> Data supplied:
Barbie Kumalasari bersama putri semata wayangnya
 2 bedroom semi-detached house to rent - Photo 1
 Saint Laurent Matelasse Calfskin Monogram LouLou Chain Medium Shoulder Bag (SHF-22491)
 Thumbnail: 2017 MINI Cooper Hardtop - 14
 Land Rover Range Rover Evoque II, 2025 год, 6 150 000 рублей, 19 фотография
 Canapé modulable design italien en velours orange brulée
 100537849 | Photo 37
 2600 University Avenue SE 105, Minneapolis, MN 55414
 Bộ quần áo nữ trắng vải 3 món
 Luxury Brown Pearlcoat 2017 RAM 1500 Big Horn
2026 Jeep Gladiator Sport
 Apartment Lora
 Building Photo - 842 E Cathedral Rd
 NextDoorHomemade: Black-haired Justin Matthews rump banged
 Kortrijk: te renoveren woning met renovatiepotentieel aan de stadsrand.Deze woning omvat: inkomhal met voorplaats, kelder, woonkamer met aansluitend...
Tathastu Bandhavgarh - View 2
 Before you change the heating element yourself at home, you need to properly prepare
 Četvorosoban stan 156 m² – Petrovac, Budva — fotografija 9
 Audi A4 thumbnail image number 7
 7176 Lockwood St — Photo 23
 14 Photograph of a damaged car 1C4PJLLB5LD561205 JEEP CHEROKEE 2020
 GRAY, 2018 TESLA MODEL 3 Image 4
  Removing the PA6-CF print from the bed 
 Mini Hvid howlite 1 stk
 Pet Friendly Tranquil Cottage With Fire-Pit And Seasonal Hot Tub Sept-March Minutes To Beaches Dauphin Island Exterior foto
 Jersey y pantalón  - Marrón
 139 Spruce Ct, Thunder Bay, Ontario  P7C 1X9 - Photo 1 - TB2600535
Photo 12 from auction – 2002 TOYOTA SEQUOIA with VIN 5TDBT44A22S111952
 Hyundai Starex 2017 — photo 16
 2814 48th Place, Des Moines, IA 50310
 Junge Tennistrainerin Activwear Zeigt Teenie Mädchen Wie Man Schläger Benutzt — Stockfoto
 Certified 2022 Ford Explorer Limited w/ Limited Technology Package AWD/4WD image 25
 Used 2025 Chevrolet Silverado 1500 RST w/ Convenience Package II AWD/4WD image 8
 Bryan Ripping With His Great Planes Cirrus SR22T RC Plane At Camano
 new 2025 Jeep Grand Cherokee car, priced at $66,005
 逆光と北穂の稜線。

> To do: Look through the entries and return every line where "from" appears.

> The completed task:
  Removing the PA6-CF print from the bed 
Photo 12 from auction – 2002 TOYOTA SEQUOIA with VIN 5TDBT44A22S111952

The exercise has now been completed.